Five contenders for the British Open

Five contenders for the British Open

Tiger Woods of the United States plays a shot during a practice round prior to the 148th Open Championship held on the Dunluce Links at Royal Portrush Golf Club on July 16, 2019 in Portrush, United Kingdom. (Photo by Kevin C. Cox/Getty Images)

Rory McIlroy vies to recapture some glory, but two American stalwarts lurk.

The 148th British Open gets underway on Thursday for the first time in 68 years in Northern Ireland at Royal Portrush.

Here are five candidates expected to challenge for the Claret Jug on Sunday:

Rory McIlroy (Northern Ireland)

Rory McIlroy of Northern Ireland reacts following his putt on the 18th green during Day 4 of the Aberdeen Standard Investments Scottish Open at The Renaissance Club on July 14, 2019 in North Berwick, United Kingdom. (Photo by Andrew Redington/Getty Images)

The world number three tees up on home soil desperate to end a five-year wait to win a major.

McIlroy tends to be in the mix come the weekend at the Open, with top-five finishes in each of his last four appearances, including his solitary win in 2014.

After two wins on the PGA Tour this year, including the Players’ Championship, McIlroy’s confidence is restored and he also finished in the top 10 at both the US Open and PGA Championship.

However, with a level of pressure even he will have rarely experienced to deliver in front of a home crowd, will McIlroy sink or swim?

Francesco Molinari (Italy)

Francesco Molinari of Italy plays a shot during a practice round prior to the 148th Open Championship held on the Dunluce Links at Royal Portrush Golf Club on July 15, 2019 in Portrush, United Kingdom. (Photo by Stuart Franklin/Getty Images)

The defending champion arrives in Northern Ireland cold after deciding against playing in either the Irish or Scottish Open to prepare on the links, instead saving as much energy as possible for his title defence.

Molinari has not had a stellar year, winning just once at the Arnold Palmer Invitational, but did get himself into a winning position at the Masters.

Ultimately, two shots into the water at Augusta cleared the way for Tiger Woods’ sensational win. But 12 months ago it was the Italian who remained cool under pressure as others faltered in the final round to win his only major and the links may favour his game once more.

Brooks Koepka (USA)

Brooks Koepka of the United States plays a shot during a practice round prior to the 148th Open Championship held on the Dunluce Links at Royal Portrush Golf Club on July 15, 2019 in Portrush, United Kingdom. (Photo by Stuart Franklin/Getty Images)

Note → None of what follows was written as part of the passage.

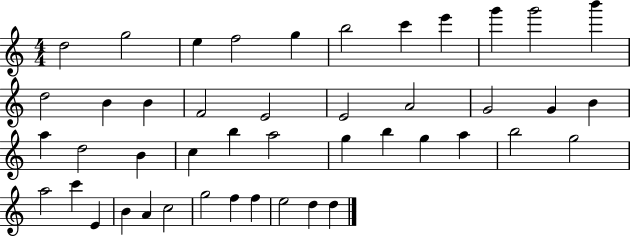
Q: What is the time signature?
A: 4/4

The world number one arrives at the fourth major of the season having been in the top two for each of the first three.

Koepka has won four of the last nine majors he has played and was also runner-up at the Masters and US Open earlier this year.

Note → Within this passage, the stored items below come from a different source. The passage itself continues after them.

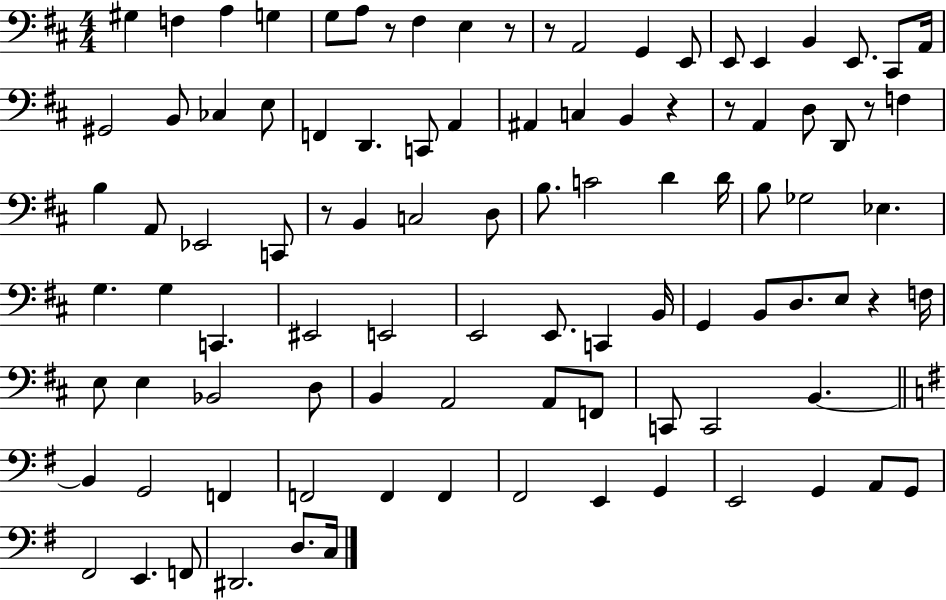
X:1
T:Untitled
M:4/4
L:1/4
K:D
^G, F, A, G, G,/2 A,/2 z/2 ^F, E, z/2 z/2 A,,2 G,, E,,/2 E,,/2 E,, B,, E,,/2 ^C,,/2 A,,/4 ^G,,2 B,,/2 _C, E,/2 F,, D,, C,,/2 A,, ^A,, C, B,, z z/2 A,, D,/2 D,,/2 z/2 F, B, A,,/2 _E,,2 C,,/2 z/2 B,, C,2 D,/2 B,/2 C2 D D/4 B,/2 _G,2 _E, G, G, C,, ^E,,2 E,,2 E,,2 E,,/2 C,, B,,/4 G,, B,,/2 D,/2 E,/2 z F,/4 E,/2 E, _B,,2 D,/2 B,, A,,2 A,,/2 F,,/2 C,,/2 C,,2 B,, B,, G,,2 F,, F,,2 F,, F,, ^F,,2 E,, G,, E,,2 G,, A,,/2 G,,/2 ^F,,2 E,, F,,/2 ^D,,2 D,/2 C,/4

Already the man to beat, Koepka has another weapon in his armoury this week as his caddie Ricky Elliott is a Portrush native and grew up playing the course.

Sixth in 2017 is Koepka’s best effort at an Open Championship so far, but expect that to change over the coming week.

Justin Rose (England)

Justin Rose of England tees off on the 17th hole during Day two of the Saudi International at the Royal Greens Golf & Country Club on February 01, 2019 in King Abdullah Economic City, Saudi Arabia. (Photo by Ross Kinnaird/Getty Images)

Rose’s second-place finish at last year’s Open was his best since finishing fourth as an amateur in 1998.

The Olympic champion was also in contention at the US Open last month until a poor final round cost him the chance of just a second major.

That was his last outing, but Rose got to Portrush a week ahead of the tournament and has been picking the brains of a former Open champion and Northern Ireland native Darren Clarke.

Tiger Woods (USA)

After ending an 11-year wait to win his 15th major at the Masters, Woods is going the extra mile in his preparations as he tries to win a fourth Open Championship by getting up at 1am at home in the United States to acclimatise to the time difference once he arrives in Portrush.

“If you want to succeed, if you want to get better, if you want to win, if you want to accomplish your goals, it all starts with getting up early in the morning,” Woods said last week as part of a social media promotion with Nike.

His form since that memorable victory at Augusta, though, has been far from scintillating. Woods missed the cut at the PGA Championship and tied for 21st at the US Open.